THE VILLAGE HISTORY:
Johann Jakob Reuter II and Katharina nee Jung had four children in the eleven years following their marriage in 1831: Jakob on 18th July 1831; Katharina 1835 (died 1836); Elisabetha 1838, and Christoph 1842. Elisabetha was born in the English town of Durham during the several years her parents spent looking for more rewarding work in that country. Johann Jakob went back to farm labouring on their return to the village, but the family's financial problems worsened when he died in 1851 at the age of 43. Jakob went back to England and Elisabetha was one of only three young woman who tackled the arduous, albeit cheap, trip to Victoria on one of the tiny barques plying out of the northern port of Hamburg. Christoph was also about to emigrate, leaving their mother quite alone in the village - her sisters having died and her only brother also heading for Australia.
On 1Oth June 1852, Jakob married another expatriate from Nieder-Weisel, Anna Elisabetha Klippel, one of four children born illegitimately to the farm-hand Wenzel Klippel by Anna Elisabetha Wilhelm, a daughter of the tailor Johann Georg Wilhelm. They married in the Yorkshire town of Leeds where they were both employed. Katharina, Anna Elisabetha's only sister, was also in England. She married Johann Peter Heinz (Jakob Reuter's best man) six months after Anna Elisabetha was married, and joined the Reuters in Leeds. The couples decided to emigrate to Victoria together.
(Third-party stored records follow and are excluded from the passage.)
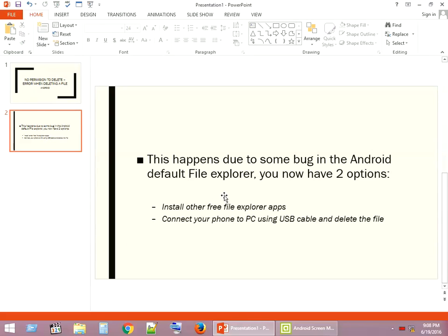...due to some bug in the Android default file explorer. So you have two options: you can install other free file explorer apps that are available in Android Play Store, or you can connect your phone to PC using USB cable and delete the file.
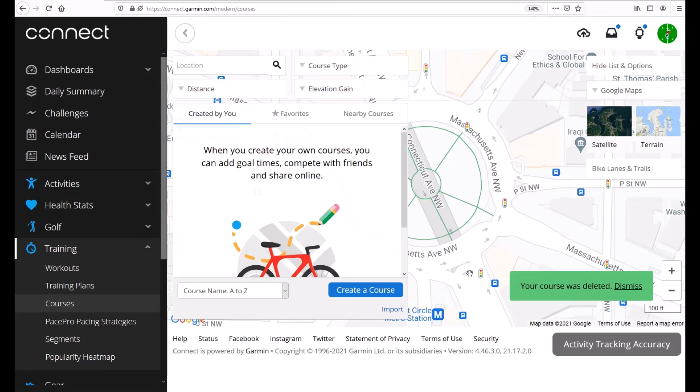As always I hope the video helps, at least it gives you an idea of how courses work on the Garmin Connect website. If you've got any questions post in the comments, be happy to help you out. Thanks for watching.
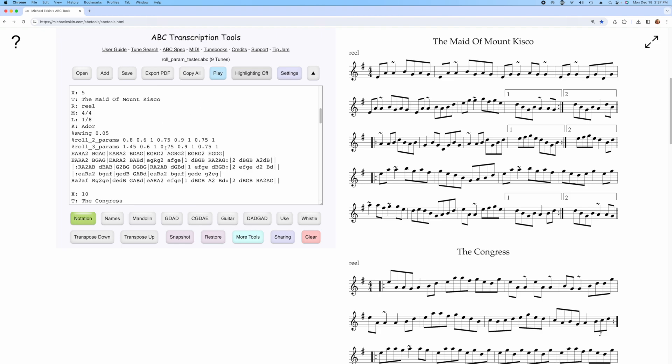But now the tune has the custom role patterns, and then you can save it with the tune. Now if we play the tune, we'll get the custom role parameters we set in the role explorer.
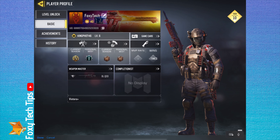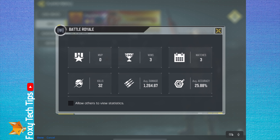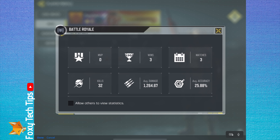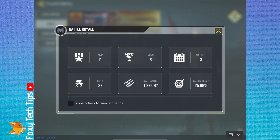Finding your BR stats is easy. From the main dashboard of COD Mobile, tap your name from the top left of the screen. On this screen, tap Basic. On the basic profile page, tap the box with the icon of an airdrop crate — this is the battle royale stats.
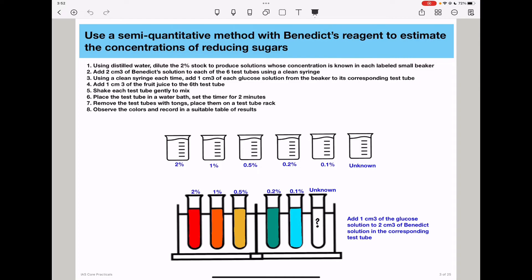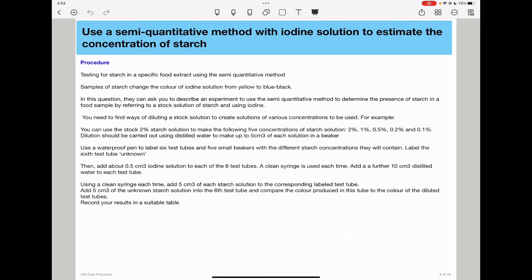In the next step, we move to using iodine to estimate the concentration of starch in a specific sample. Using a semi-quantitative method with iodine solution to estimate the concentration of starch: you need to know that samples of starch change the color of iodine solution from yellow to blue-black. In this type of question, they can ask you to describe an experiment to use the semi-quantitative method to determine or estimate the presence of starch in a food sample by referring to a stock solution of starch and using iodine. You will need to plan your experiment well by using the given stock solution of starch and diluting it into specific concentrations.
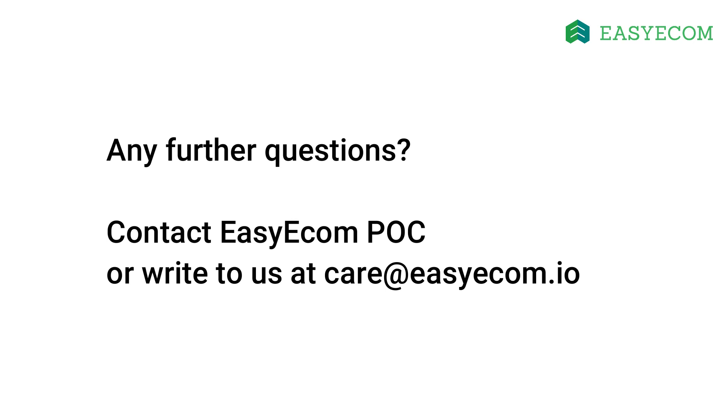In case of any further questions, please contact EasyEcom POC or write to us at care@easyecom.io.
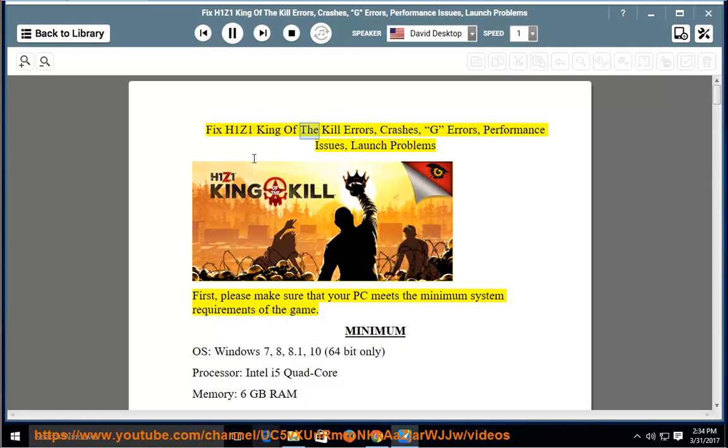Fix H1Z1 King of the Kill errors, crashes, G errors, performance issues, and launch problems.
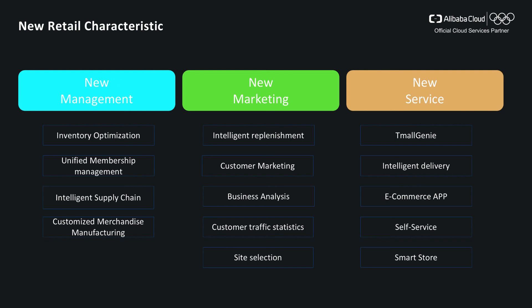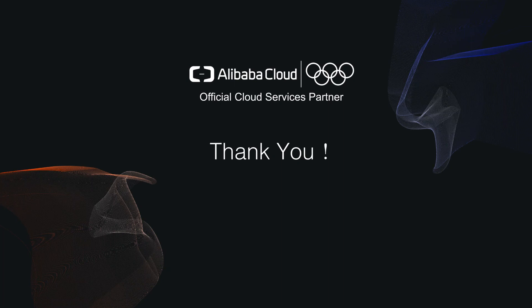Smart stores use intelligent devices to attract users into the store, collect customer information, and provide personalized recommendations to customers, increasing the consumer experience. This concludes our first session on what is new retail. Thank you very much for watching. See you in our next session. Thank you, bye-bye.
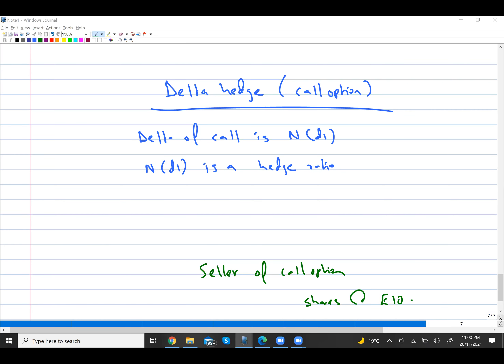In this video we are talking about delta hedge. We will discuss delta hedge for call option first, and then for put option. Looking at the term 'delta hedge' — you must be familiar with hedging. We do hedging when we face risk, like hedging for currency or interest rates.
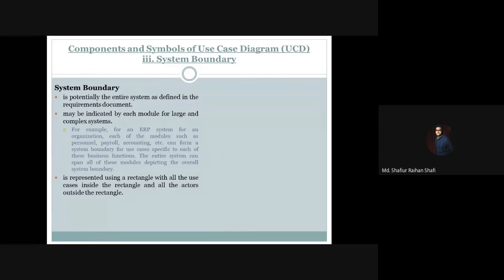Hello there, welcome to the Information System Analysis and Design course. In this tutorial, we are going to discuss the system boundary component of a use case diagram. We are going to discuss the use case diagram component, and one of the components of a use case diagram is system boundary.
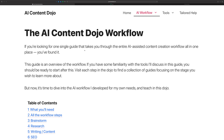Welcome to the AI Content Dojo. This is just going to be a real quick overview of the workflow that I've created and that I teach in the Dojo, which uses artificial intelligence tools like Frase and Shortly to help you create content quickly.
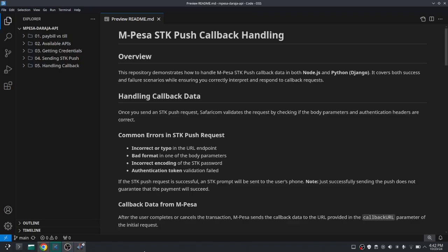Yo, what's up good people, welcome to this session as we continue the series of integrating M-Pesa into our web and mobile applications. In this video we'll discuss how we can handle the callback, so if that sounds interesting let's dive right in.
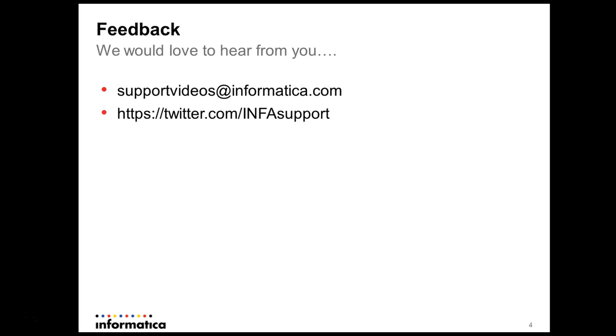We'd love to hear from you. Please get in touch by support videos at informatica.com or by twitter slash infasupport. Thank you.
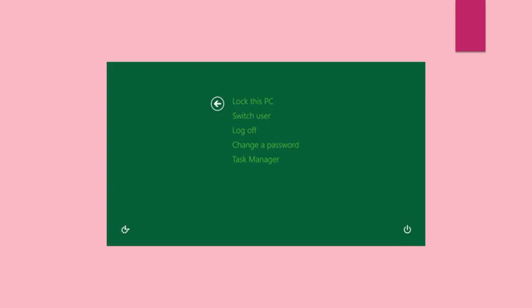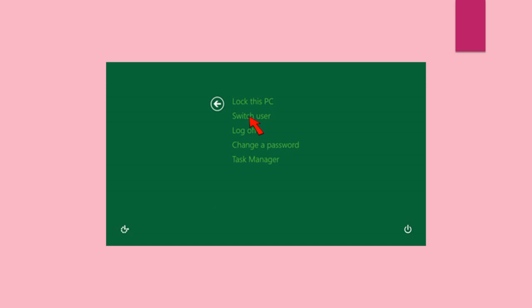The screen consists of Task Manager, Change Your Password, Log Off, Switch User, and Lock. Move your cursor to Switch User and click Switch User.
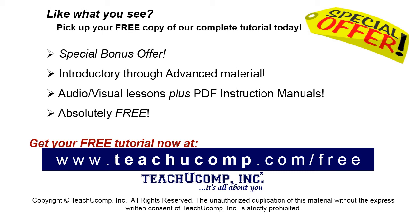Like what you see? Pick up your free copy of the complete tutorial at www.teachucomp.com/free.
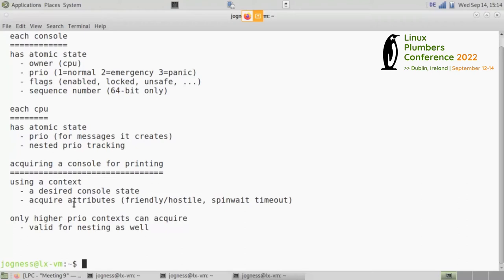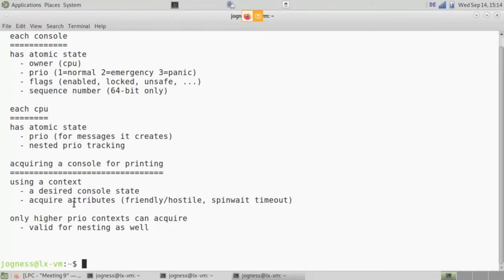Even when we're talking about nesting, this rule still applies. If I'm printing a panic and I hit a warning, that warning will also try to acquire the printer and it won't be able to because the printer is already at panic priority. So the warning will not be able to start printing — it'll just dump into the ring buffer and we'll get back to printing the panic. We just want to make sure the one doing the most important situation is the one that gets to print.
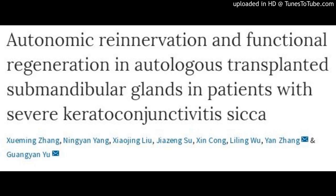What is Methylisothiazolinone? Methylisothiazolinone (MI) is a preservative. MI was initially used occupationally in paints, adhesives, glues, and cleaners, as a mixture with Methylchloroisothiazolinone (MCI). Since 2005, it has been widely used in cosmetics and household products.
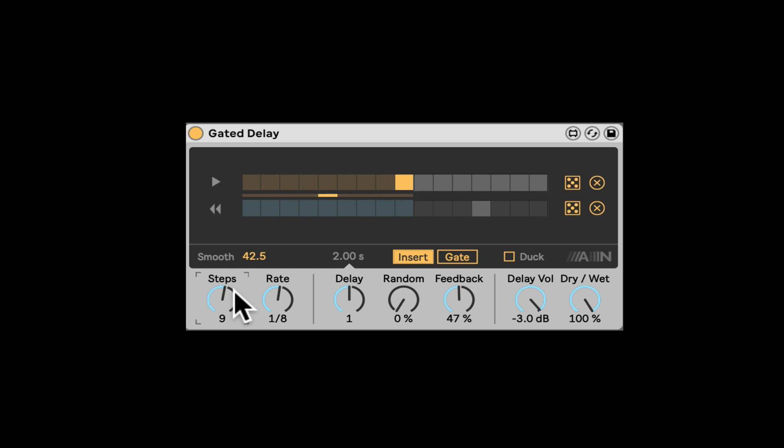So now it's asymmetrical. We have nine steps. So it's bringing it in at odd times, which is very cool. Nice, let's go back to 16.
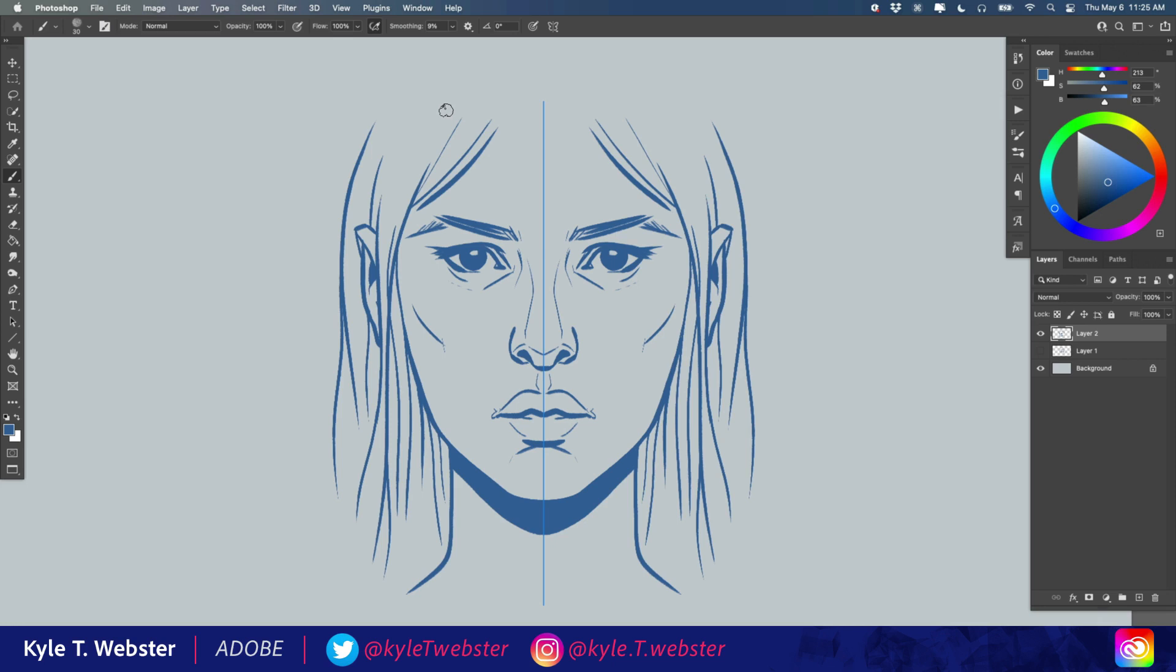Hey everybody, this is Kyle Webster with another one-minute Photoshop tip. Today we're talking about the symmetry modes in Photoshop.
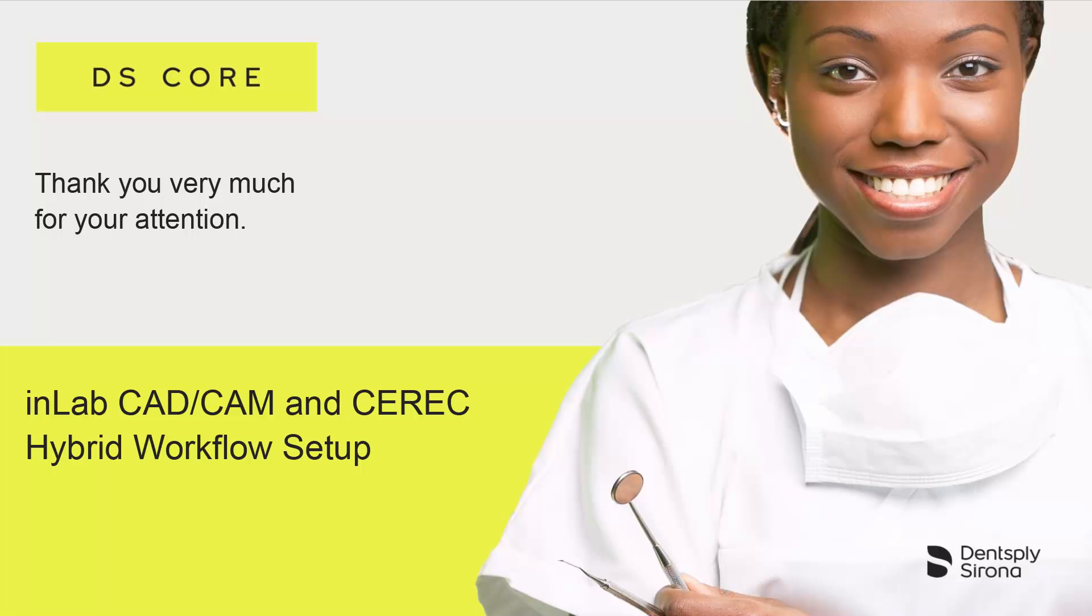Thank you very much for your attention. We would like to wish you every success when working with DSCore.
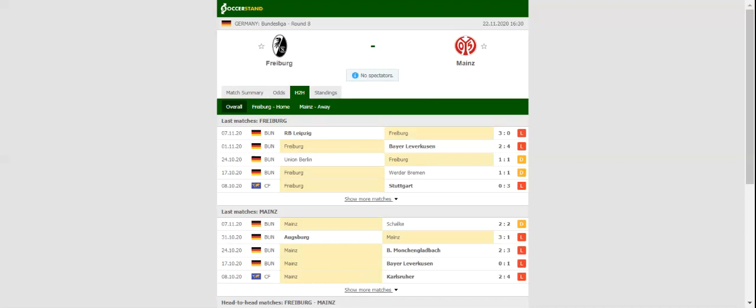Mainz, on the other hand, have collected only one point from a possible 21 at the start of the season, meaning that Freiburg will not have a better chance than this to return to winning ways.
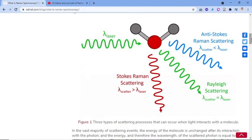Considering polyatomic molecules, an incident laser strikes the molecule, which gains energy and emits radiation. This emission includes Rayleigh scattering, where the energy of the scattered light is equal to the energy of the incident light — both the incident and scattered light frequencies are equal.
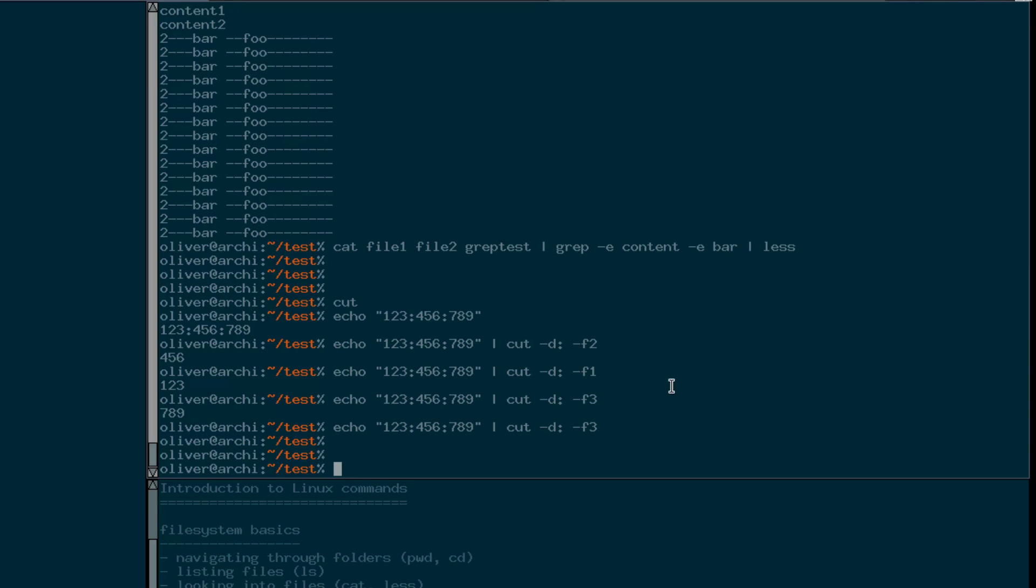That's it for now regarding pipes and standard input output redirection. Thanks for watching.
It is possible that Jakob's brother Christoph travelled with them; he claimed to have got to Melbourne in 1854 on "Star of the Sea"; they may all have been on this vessel. Each of the wives gave birth to a baby in Melbourne in 1854 - Anna Elisabetha on 2Oth May and Katharina on 25th June; their sons were baptised in the Lutheran Church. Two years later, Anna Elisabetha produced a daughter, Katharina, in England. The Heinz pair had made another trip to Victoria that year; Anna Elisabetha gave birth to another daughter in 186O in Nieder-Weisel. Jakob was out of the country in 1866. These movements suggest that Jakob, a musician by occupation, may have worked as an entertainer on the ships they travelled on.
Jakob was in the syndicate that repurchased the estates of the Order of St John in 1862 for a very large sum of money.